↓

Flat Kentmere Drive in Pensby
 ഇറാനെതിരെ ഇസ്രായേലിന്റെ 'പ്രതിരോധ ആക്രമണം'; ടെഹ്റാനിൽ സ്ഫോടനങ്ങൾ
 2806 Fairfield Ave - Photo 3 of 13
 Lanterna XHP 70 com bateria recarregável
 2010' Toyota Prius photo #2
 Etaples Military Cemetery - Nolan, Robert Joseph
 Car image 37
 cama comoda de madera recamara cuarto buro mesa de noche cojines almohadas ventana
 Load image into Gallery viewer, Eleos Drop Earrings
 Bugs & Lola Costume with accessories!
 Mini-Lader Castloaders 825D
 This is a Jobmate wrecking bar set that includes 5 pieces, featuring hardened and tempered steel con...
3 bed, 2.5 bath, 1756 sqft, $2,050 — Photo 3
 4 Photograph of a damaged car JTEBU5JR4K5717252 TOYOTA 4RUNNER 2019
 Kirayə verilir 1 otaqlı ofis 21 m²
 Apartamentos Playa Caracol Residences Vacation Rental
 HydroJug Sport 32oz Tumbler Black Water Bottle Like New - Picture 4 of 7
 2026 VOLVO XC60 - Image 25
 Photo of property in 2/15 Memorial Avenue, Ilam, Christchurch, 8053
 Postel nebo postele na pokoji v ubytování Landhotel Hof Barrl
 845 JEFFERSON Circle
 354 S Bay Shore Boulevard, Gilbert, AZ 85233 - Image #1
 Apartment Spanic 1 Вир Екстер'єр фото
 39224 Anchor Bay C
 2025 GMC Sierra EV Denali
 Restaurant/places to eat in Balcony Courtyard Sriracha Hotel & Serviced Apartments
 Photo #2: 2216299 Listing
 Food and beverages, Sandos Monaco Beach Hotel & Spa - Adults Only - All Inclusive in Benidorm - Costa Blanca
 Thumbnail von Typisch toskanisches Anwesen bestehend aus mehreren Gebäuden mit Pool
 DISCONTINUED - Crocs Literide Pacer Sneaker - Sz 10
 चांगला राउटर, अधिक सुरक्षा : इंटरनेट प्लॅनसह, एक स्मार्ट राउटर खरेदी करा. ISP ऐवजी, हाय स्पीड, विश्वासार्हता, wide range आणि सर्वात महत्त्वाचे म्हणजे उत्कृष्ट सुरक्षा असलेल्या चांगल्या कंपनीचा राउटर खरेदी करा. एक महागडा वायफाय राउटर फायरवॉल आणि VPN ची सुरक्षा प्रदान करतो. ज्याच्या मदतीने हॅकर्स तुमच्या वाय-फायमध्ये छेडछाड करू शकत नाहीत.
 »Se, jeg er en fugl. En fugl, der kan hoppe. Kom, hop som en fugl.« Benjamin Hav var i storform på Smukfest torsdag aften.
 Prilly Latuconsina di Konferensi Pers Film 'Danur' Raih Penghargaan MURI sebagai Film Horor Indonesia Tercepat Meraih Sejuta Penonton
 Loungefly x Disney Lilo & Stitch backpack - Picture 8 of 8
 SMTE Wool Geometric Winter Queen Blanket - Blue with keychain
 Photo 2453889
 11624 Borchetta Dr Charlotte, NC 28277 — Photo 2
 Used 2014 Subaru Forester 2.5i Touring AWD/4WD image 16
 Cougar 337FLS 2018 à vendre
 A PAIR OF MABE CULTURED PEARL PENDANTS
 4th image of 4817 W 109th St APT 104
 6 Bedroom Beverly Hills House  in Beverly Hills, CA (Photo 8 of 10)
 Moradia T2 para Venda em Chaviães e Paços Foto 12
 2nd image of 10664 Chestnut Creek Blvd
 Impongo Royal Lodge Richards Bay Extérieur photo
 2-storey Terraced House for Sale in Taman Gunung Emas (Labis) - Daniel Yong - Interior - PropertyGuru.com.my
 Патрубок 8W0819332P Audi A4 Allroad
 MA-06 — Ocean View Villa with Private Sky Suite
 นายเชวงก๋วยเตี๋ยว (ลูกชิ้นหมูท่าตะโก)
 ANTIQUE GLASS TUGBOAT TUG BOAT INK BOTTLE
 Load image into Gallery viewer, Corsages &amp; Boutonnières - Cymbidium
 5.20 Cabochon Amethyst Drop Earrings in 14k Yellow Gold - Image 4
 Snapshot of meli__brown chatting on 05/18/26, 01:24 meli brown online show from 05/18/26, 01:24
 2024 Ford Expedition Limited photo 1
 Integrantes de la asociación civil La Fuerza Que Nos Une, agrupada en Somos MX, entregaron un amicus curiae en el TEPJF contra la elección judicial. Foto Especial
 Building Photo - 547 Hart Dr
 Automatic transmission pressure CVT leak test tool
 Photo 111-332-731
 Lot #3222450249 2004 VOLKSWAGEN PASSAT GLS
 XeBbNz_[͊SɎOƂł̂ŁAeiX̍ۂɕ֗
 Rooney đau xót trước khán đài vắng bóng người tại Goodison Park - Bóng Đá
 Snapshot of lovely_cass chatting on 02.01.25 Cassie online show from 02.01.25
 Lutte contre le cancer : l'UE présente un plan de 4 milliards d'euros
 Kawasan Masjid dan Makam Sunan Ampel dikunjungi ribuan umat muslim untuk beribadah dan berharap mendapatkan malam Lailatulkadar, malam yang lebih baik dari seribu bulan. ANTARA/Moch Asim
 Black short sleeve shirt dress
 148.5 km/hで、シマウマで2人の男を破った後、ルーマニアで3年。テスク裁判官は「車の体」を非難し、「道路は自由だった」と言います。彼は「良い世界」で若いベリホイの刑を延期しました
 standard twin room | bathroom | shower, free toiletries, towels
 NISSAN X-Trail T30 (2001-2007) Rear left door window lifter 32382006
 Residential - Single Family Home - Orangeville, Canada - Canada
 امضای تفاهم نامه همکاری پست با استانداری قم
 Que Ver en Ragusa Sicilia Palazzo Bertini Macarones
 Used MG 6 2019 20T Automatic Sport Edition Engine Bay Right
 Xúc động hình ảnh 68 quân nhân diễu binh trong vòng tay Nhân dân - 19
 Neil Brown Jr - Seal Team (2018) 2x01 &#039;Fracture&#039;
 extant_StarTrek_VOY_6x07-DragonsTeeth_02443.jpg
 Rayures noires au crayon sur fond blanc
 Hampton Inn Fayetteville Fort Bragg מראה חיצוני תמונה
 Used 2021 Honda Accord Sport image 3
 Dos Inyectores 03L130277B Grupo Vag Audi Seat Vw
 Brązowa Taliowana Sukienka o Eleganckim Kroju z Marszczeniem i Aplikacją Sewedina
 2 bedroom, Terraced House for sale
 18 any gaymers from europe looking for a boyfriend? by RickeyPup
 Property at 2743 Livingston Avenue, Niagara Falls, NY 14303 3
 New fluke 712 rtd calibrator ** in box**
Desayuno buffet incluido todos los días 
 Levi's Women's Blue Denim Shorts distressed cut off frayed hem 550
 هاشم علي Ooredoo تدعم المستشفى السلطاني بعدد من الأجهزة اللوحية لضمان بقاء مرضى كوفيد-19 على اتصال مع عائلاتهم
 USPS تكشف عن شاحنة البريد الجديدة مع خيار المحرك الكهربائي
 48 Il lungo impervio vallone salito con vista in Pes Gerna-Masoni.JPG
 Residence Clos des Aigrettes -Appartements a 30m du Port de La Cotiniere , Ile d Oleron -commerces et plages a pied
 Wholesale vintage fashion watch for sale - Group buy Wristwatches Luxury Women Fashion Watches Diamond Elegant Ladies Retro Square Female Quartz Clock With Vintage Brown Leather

↑

Nothing above should be left out. Print all the records exactly.

Flat Kentmere Drive in Pensby
 ഇറാനെതിരെ ഇസ്രായേലിന്റെ 'പ്രതിരോധ ആക്രമണം'; ടെഹ്റാനിൽ സ്ഫോടനങ്ങൾ
 2806 Fairfield Ave - Photo 3 of 13
 Lanterna XHP 70 com bateria recarregável
 2010' Toyota Prius photo #2
 Etaples Military Cemetery - Nolan, Robert Joseph
 Car image 37
 cama comoda de madera recamara cuarto buro mesa de noche cojines almohadas ventana
 Load image into Gallery viewer, Eleos Drop Earrings
 Bugs & Lola Costume with accessories!
 Mini-Lader Castloaders 825D
 This is a Jobmate wrecking bar set that includes 5 pieces, featuring hardened and tempered steel con...
3 bed, 2.5 bath, 1756 sqft, $2,050 — Photo 3
 4 Photograph of a damaged car JTEBU5JR4K5717252 TOYOTA 4RUNNER 2019
 Kirayə verilir 1 otaqlı ofis 21 m²
 Apartamentos Playa Caracol Residences Vacation Rental
 HydroJug Sport 32oz Tumbler Black Water Bottle Like New - Picture 4 of 7
 2026 VOLVO XC60 - Image 25
 Photo of property in 2/15 Memorial Avenue, Ilam, Christchurch, 8053
 Postel nebo postele na pokoji v ubytování Landhotel Hof Barrl
 845 JEFFERSON Circle
 354 S Bay Shore Boulevard, Gilbert, AZ 85233 - Image #1
 Apartment Spanic 1 Вир Екстер'єр фото
 39224 Anchor Bay C
 2025 GMC Sierra EV Denali
 Restaurant/places to eat in Balcony Courtyard Sriracha Hotel & Serviced Apartments
 Photo #2: 2216299 Listing
 Food and beverages, Sandos Monaco Beach Hotel & Spa - Adults Only - All Inclusive in Benidorm - Costa Blanca
 Thumbnail von Typisch toskanisches Anwesen bestehend aus mehreren Gebäuden mit Pool
 DISCONTINUED - Crocs Literide Pacer Sneaker - Sz 10
 चांगला राउटर, अधिक सुरक्षा : इंटरनेट प्लॅनसह, एक स्मार्ट राउटर खरेदी करा. ISP ऐवजी, हाय स्पीड, विश्वासार्हता, wide range आणि सर्वात महत्त्वाचे म्हणजे उत्कृष्ट सुरक्षा असलेल्या चांगल्या कंपनीचा राउटर खरेदी करा. एक महागडा वायफाय राउटर फायरवॉल आणि VPN ची सुरक्षा प्रदान करतो. ज्याच्या मदतीने हॅकर्स तुमच्या वाय-फायमध्ये छेडछाड करू शकत नाहीत.
 »Se, jeg er en fugl. En fugl, der kan hoppe. Kom, hop som en fugl.« Benjamin Hav var i storform på Smukfest torsdag aften.
 Prilly Latuconsina di Konferensi Pers Film 'Danur' Raih Penghargaan MURI sebagai Film Horor Indonesia Tercepat Meraih Sejuta Penonton
 Loungefly x Disney Lilo & Stitch backpack - Picture 8 of 8
 SMTE Wool Geometric Winter Queen Blanket - Blue with keychain
 Photo 2453889
 11624 Borchetta Dr Charlotte, NC 28277 — Photo 2
 Used 2014 Subaru Forester 2.5i Touring AWD/4WD image 16
 Cougar 337FLS 2018 à vendre
 A PAIR OF MABE CULTURED PEARL PENDANTS
 4th image of 4817 W 109th St APT 104
 6 Bedroom Beverly Hills House  in Beverly Hills, CA (Photo 8 of 10)
 Moradia T2 para Venda em Chaviães e Paços Foto 12
 2nd image of 10664 Chestnut Creek Blvd
 Impongo Royal Lodge Richards Bay Extérieur photo
 2-storey Terraced House for Sale in Taman Gunung Emas (Labis) - Daniel Yong - Interior - PropertyGuru.com.my
 Патрубок 8W0819332P Audi A4 Allroad
 MA-06 — Ocean View Villa with Private Sky Suite
 นายเชวงก๋วยเตี๋ยว (ลูกชิ้นหมูท่าตะโก)
 ANTIQUE GLASS TUGBOAT TUG BOAT INK BOTTLE
 Load image into Gallery viewer, Corsages &amp; Boutonnières - Cymbidium
 5.20 Cabochon Amethyst Drop Earrings in 14k Yellow Gold - Image 4
 Snapshot of meli__brown chatting on 05/18/26, 01:24 meli brown online show from 05/18/26, 01:24
 2024 Ford Expedition Limited photo 1
 Integrantes de la asociación civil La Fuerza Que Nos Une, agrupada en Somos MX, entregaron un amicus curiae en el TEPJF contra la elección judicial. Foto Especial
 Building Photo - 547 Hart Dr
 Automatic transmission pressure CVT leak test tool
 Photo 111-332-731
 Lot #3222450249 2004 VOLKSWAGEN PASSAT GLS
 XeBbNz_[͊SɎOƂł̂ŁAeiX̍ۂɕ֗
 Rooney đau xót trước khán đài vắng bóng người tại Goodison Park - Bóng Đá
 Snapshot of lovely_cass chatting on 02.01.25 Cassie online show from 02.01.25
 Lutte contre le cancer : l'UE présente un plan de 4 milliards d'euros
 Kawasan Masjid dan Makam Sunan Ampel dikunjungi ribuan umat muslim untuk beribadah dan berharap mendapatkan malam Lailatulkadar, malam yang lebih baik dari seribu bulan. ANTARA/Moch Asim
 Black short sleeve shirt dress
 148.5 km/hで、シマウマで2人の男を破った後、ルーマニアで3年。テスク裁判官は「車の体」を非難し、「道路は自由だった」と言います。彼は「良い世界」で若いベリホイの刑を延期しました
 standard twin room | bathroom | shower, free toiletries, towels
 NISSAN X-Trail T30 (2001-2007) Rear left door window lifter 32382006
 Residential - Single Family Home - Orangeville, Canada - Canada
 امضای تفاهم نامه همکاری پست با استانداری قم
 Que Ver en Ragusa Sicilia Palazzo Bertini Macarones
 Used MG 6 2019 20T Automatic Sport Edition Engine Bay Right
 Xúc động hình ảnh 68 quân nhân diễu binh trong vòng tay Nhân dân - 19
 Neil Brown Jr - Seal Team (2018) 2x01 &#039;Fracture&#039;
 extant_StarTrek_VOY_6x07-DragonsTeeth_02443.jpg
 Rayures noires au crayon sur fond blanc
 Hampton Inn Fayetteville Fort Bragg מראה חיצוני תמונה
 Used 2021 Honda Accord Sport image 3
 Dos Inyectores 03L130277B Grupo Vag Audi Seat Vw
 Brązowa Taliowana Sukienka o Eleganckim Kroju z Marszczeniem i Aplikacją Sewedina
 2 bedroom, Terraced House for sale
 18 any gaymers from europe looking for a boyfriend? by RickeyPup
 Property at 2743 Livingston Avenue, Niagara Falls, NY 14303 3
 New fluke 712 rtd calibrator ** in box**
Desayuno buffet incluido todos los días 
 Levi's Women's Blue Denim Shorts distressed cut off frayed hem 550
 هاشم علي Ooredoo تدعم المستشفى السلطاني بعدد من الأجهزة اللوحية لضمان بقاء مرضى كوفيد-19 على اتصال مع عائلاتهم
 USPS تكشف عن شاحنة البريد الجديدة مع خيار المحرك الكهربائي
 48 Il lungo impervio vallone salito con vista in Pes Gerna-Masoni.JPG
 Residence Clos des Aigrettes -Appartements a 30m du Port de La Cotiniere , Ile d Oleron -commerces et plages a pied
 Wholesale vintage fashion watch for sale - Group buy Wristwatches Luxury Women Fashion Watches Diamond Elegant Ladies Retro Square Female Quartz Clock With Vintage Brown Leather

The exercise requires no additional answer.